Moreover, suppliers may wish to bolster brand reputation, and this may provide an incentive not to exploit consumer biases. And in some cases it may only require a minority of informed and active consumers to provide sufficient price arbitrage to ensure a good market outcome for all.

But importantly there is the real possibility that a market correction is not forthcoming. Consumers will find it hard to adjust their biases when purchases are infrequent, so that learning is limited. If the losses are small for each individual but spread across a very large number, the consumer detriment may be appreciable but not enough to trigger a response by individual consumers. And if consumers do learn and adjust, they may find the companies one step ahead as they deploy increasing processing power to find new and better ways of playing the game – the world of big data.

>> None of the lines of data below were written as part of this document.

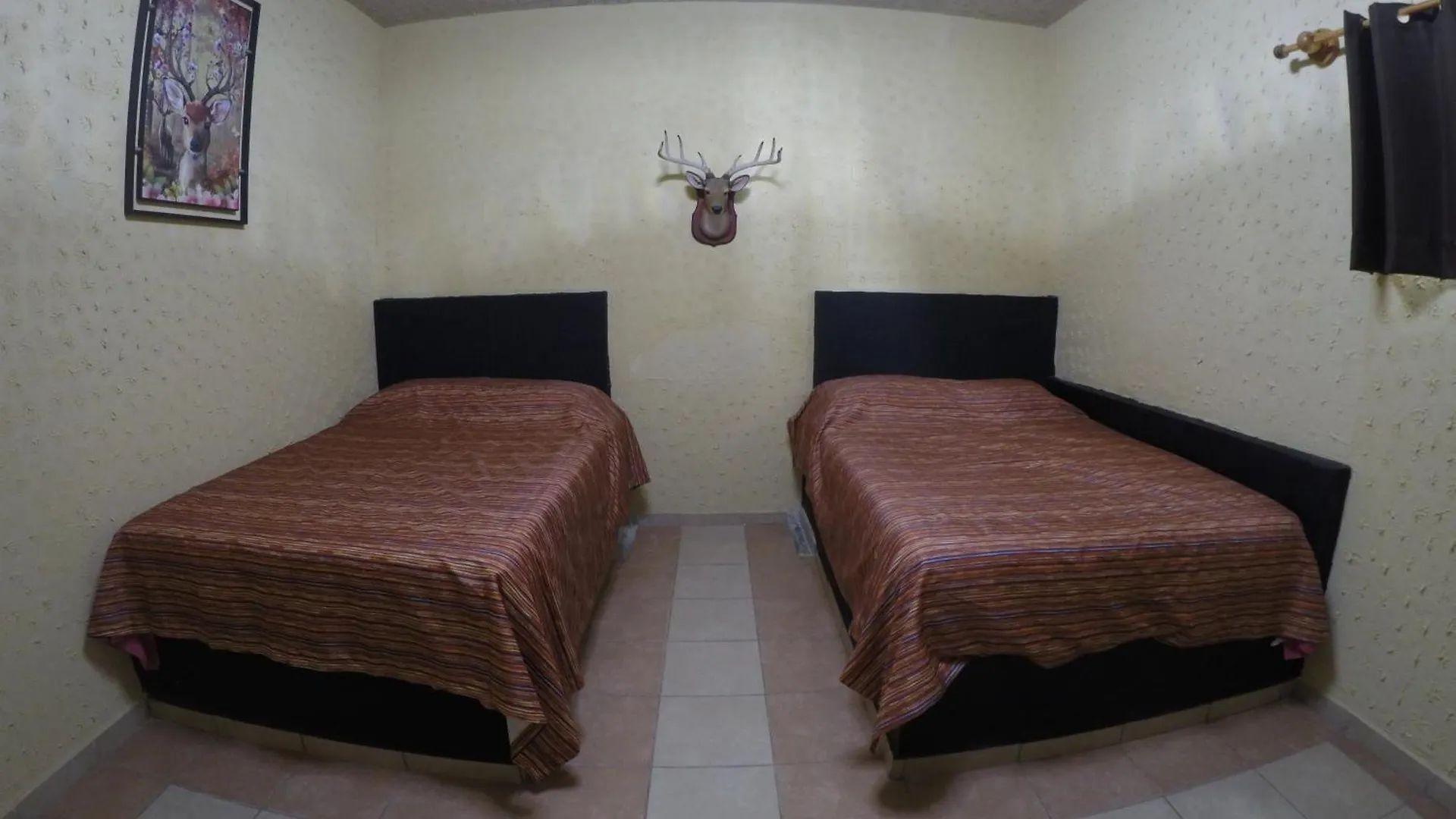 Hospedaje La Mexicana Guadalajara Mexiko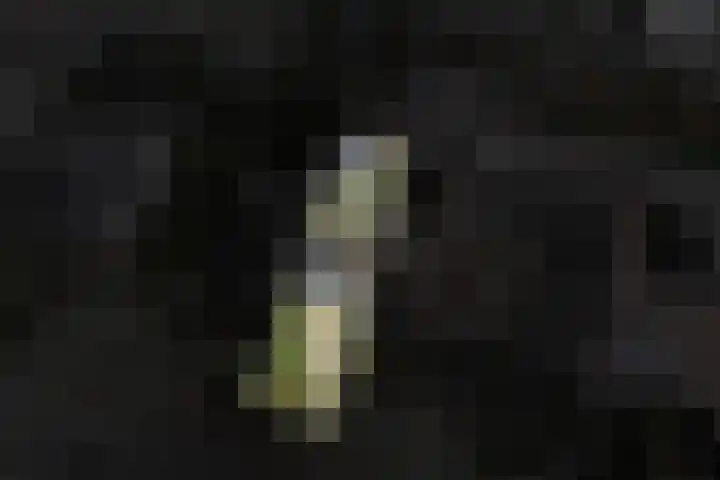 Agricolahof 14 Haren Gn thumbnail 57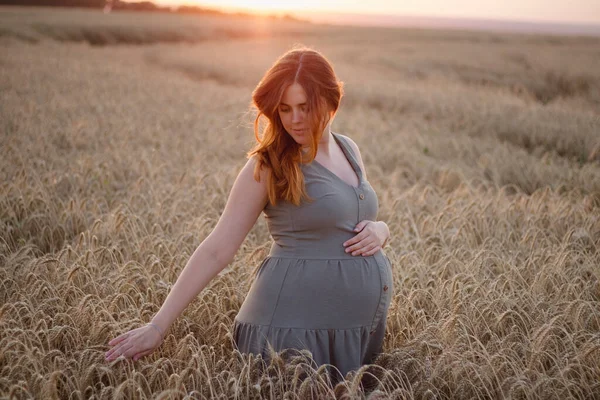 黄昏时分 红头发的孕妇在农田里散步 抚摸着麦穗 未来的母亲自然会放松 母亲与健康的概念 — 图库照片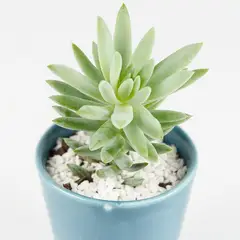 Veiling Holambra - Suculenta Cerâmica Pote 9cm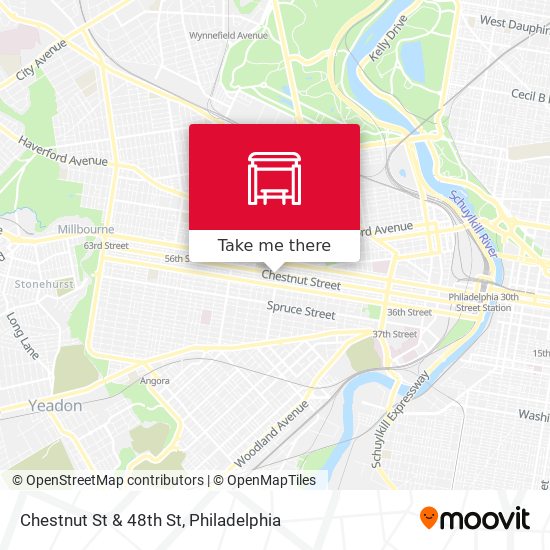 Chestnut St & 48th St map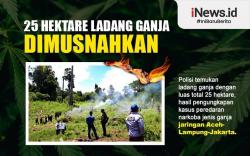 Infografis 25 Hektare Ladang Ganja Dimusnahkan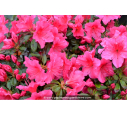 AZALEA japonica 'Vuyk's Rosyred' (rose foncé) AZALEA japonica 'Vuyk's Rosyred' (rose foncé)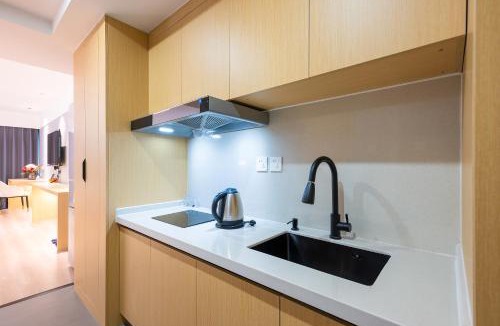Beijing Central Business District Apartment | 北京奉元新金山公寓
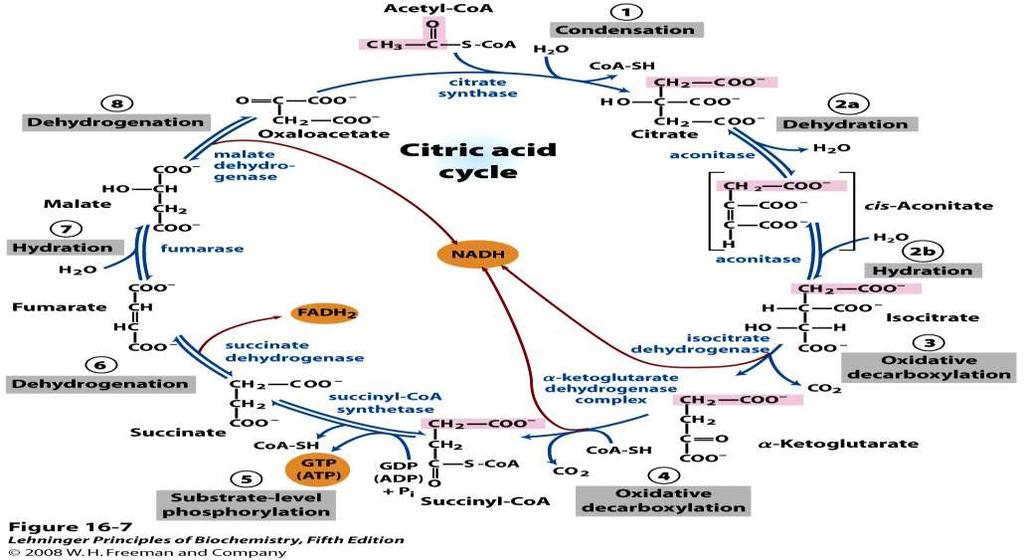 Citratni cikel je 8 stopenjski sklop reakcij v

If consumers can be offered different prices, as can happen in offline markets but is increasingly prevalent in online markets, then active consumers will not protect the inert: indeed on the contrary, competitive markets may well mean that active consumers benefit at the expense of the inert. And if all firms seek to exploit the bias, then increasing the number of firms will not help – indeed there are theoretical models that suggest more firms may worsen the market outcome.

If that is the case, then the standard competition remedies of removing barriers to entry to enhance competition and increasing transparency and consumer information may well not be adequate, and there is a need to look for other remedies that may shift the market equilibrium to a better place. But, and this leads me on to my final theme – the UK markets regime – the design of such remedies is not easy because all too easily interventions can have counter-productive effects.

Thus, for example, if firms have an incentive to create complex price structures (confusopoly) in order to generate consumer inertia – rabbits in headlight come to mind – then regulators may impose simplified pricing to cater for consumers’ bounded rationality. However, care is needed: reducing complexity may harm consumers because if consumers have different preferences, relatively complex offers might be optimal. Simplified pricing may also facilitate tacit collusion.

With drip pricing, if consumers over-estimate the importance of the headline price, the firm that unilaterally advertises an honest headline price will go out of business. Increasing competition may therefore not be the solution. That is why the OFT’s approach to airline payment surcharges was to ensure enforcement action had good coverage of main operators, shifting market practice to a better outcome. Similarly with framing issues, as we have seen fake reference pricing can lead to consumers over-valuing the product. But there is no incentive for an individual firm to price differently as this would adversely affect the perceived value of its product. That is why the OFT had to carefully orchestrate a coordinated move by some of the major furniture retailers to conform to guidelines that required a genuine reference price.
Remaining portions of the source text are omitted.